According to the Wall Street Journal:
Iraqi Prime Minister Nouri al-Maliki is losing political support for his bid for a third term from core backers, including the country's Shiite religious establishment and ally Iran, say Iraqi officials.
The shift, officials said, is prompting members of the premier's own alliance to reconsider their support and dimming the prospect of his stay in power.
In recent days, high-level delegations of Iranian military officials and diplomats held a flurry of meetings in Baghdad and the Shiite religious capital Najaf, where they were told that Mr. Maliki, a Shiite, has lost the confidence of all but his most loyal inner circle, Iraqi officials with knowledge of the meetings said.

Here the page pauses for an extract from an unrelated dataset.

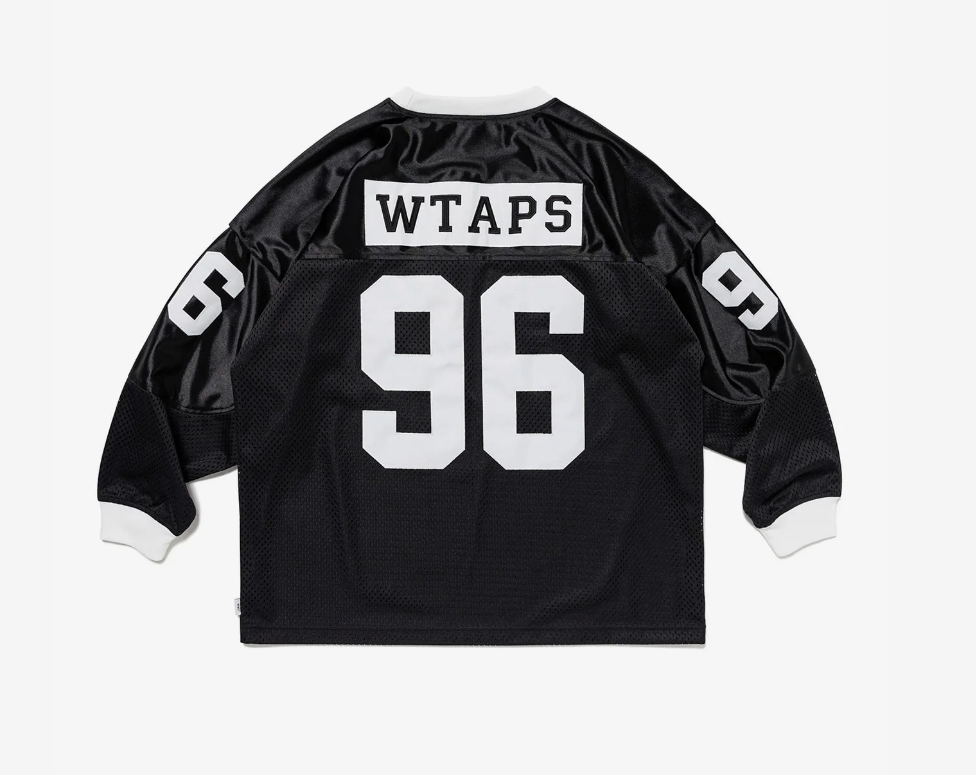 {現貨} WTAPS NETMINDER / LS / POLY 242ATDT-CSM12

One Iraqi official briefed on the meetings said Iranian representatives signaled during their visit that Tehran has "really started to lean away from Maliki as a candidate."

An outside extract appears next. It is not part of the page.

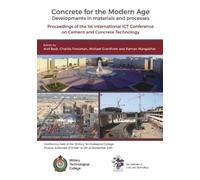 Dr. Atef Badr Concrete for the Modern Age (Copertina rigida)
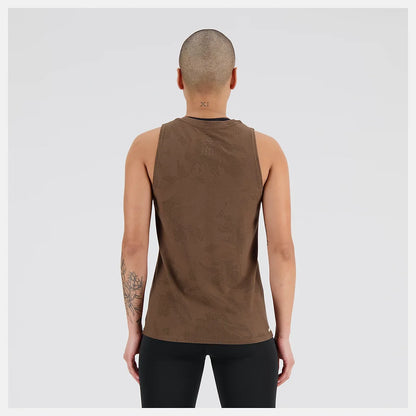 New Balance Q Speed Jacquard Tank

Also critically, Mr. Maliki's bid to stay in office has, say prominent Shiite politicians, run into opposition from Iraq's top Shiite spiritual authority, Grand Ayatollah Ali al-Sistani, who has become central to the grinding talks between political blocs to form a government.COMMENTARY: Difficult to ascertain the veracity of these Iraqi-Shia officials, or even their identities. However given Iraqi struggles on the battlefield as well as the security situation on the terrain they control, political pressure against Maliki's is surely being levied against his bid for a third term.
Another interesting development is the large field of Iraqi presidential candidates put forward, including more than one PUK candidates, as reported by Reidar Visser at his Iraq and Gulf Analysis blog.